- Task to complete: The expected answer is every line from the material below that has the word "School".

- Data to examine:
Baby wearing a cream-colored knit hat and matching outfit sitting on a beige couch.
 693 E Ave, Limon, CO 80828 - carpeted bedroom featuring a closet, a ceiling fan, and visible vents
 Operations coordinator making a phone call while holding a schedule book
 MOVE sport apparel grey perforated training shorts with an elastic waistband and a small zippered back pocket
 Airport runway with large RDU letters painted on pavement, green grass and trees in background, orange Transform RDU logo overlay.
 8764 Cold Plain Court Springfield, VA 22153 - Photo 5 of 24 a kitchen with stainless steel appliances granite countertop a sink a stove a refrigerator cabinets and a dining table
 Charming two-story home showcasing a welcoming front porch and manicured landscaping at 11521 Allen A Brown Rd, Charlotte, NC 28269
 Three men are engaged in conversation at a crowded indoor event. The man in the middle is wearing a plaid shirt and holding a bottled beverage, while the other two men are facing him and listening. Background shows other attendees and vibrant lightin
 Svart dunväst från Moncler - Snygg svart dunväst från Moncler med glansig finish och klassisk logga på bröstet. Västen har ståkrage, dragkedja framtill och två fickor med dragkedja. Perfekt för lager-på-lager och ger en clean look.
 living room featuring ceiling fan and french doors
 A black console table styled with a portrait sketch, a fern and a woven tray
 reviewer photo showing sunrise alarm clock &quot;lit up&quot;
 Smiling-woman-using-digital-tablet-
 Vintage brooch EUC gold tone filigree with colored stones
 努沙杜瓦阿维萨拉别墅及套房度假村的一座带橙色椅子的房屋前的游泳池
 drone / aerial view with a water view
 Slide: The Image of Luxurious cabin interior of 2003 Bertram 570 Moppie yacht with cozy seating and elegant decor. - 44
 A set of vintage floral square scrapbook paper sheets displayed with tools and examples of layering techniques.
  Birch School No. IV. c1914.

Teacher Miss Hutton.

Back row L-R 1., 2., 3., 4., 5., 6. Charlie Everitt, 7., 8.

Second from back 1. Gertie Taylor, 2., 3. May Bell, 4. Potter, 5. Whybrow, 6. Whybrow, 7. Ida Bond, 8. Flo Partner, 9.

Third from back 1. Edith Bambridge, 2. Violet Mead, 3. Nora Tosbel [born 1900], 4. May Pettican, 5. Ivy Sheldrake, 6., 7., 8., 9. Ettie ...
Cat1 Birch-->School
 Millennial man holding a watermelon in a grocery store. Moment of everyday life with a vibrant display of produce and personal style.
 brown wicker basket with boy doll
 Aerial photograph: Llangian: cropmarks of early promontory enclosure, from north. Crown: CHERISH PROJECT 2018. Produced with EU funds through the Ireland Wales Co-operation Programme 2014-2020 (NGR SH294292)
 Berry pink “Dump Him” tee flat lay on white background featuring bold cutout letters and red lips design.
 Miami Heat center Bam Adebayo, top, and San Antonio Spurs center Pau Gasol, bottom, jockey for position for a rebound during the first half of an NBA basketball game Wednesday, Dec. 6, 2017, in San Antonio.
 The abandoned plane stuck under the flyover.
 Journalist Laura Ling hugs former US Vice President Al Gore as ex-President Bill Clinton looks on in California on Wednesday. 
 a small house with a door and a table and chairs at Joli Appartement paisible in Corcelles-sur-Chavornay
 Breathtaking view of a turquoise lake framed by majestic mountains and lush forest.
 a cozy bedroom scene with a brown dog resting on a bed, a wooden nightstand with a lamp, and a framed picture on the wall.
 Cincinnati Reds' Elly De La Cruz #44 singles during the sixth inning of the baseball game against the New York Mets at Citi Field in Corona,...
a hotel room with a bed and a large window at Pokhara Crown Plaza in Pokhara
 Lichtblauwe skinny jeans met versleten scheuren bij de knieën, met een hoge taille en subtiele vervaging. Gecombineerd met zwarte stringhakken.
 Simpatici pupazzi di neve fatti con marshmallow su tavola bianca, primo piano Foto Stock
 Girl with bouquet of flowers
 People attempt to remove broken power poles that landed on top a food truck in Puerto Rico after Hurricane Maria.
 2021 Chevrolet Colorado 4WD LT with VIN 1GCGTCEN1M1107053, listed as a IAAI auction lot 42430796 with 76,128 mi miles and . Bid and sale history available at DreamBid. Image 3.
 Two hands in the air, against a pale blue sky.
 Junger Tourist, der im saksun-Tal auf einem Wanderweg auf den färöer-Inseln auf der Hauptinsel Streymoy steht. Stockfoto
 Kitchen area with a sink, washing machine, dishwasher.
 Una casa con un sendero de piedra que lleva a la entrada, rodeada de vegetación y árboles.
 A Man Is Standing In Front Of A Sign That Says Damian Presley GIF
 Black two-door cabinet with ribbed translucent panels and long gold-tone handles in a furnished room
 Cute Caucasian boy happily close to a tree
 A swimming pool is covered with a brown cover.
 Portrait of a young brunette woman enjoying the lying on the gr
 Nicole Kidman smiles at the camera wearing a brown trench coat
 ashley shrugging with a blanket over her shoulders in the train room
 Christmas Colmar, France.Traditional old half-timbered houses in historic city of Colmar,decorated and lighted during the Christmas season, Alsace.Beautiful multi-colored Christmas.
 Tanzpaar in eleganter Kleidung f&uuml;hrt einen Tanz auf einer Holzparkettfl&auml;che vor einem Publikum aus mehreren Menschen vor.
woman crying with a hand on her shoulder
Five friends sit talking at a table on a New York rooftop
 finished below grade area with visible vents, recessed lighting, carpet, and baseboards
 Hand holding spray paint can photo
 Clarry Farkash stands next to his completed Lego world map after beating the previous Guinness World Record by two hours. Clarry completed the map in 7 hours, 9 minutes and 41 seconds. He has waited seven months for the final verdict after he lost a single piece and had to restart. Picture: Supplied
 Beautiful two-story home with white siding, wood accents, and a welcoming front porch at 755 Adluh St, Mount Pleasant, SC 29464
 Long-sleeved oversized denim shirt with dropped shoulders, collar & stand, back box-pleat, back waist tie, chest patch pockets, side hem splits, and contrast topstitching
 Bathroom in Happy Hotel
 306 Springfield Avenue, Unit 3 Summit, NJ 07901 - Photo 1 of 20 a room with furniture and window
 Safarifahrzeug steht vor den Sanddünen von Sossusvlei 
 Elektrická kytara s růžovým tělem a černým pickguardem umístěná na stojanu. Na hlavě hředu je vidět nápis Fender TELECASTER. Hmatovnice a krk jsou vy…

- Finished task:
  Birch School No. IV. c1914.
Cat1 Birch-->School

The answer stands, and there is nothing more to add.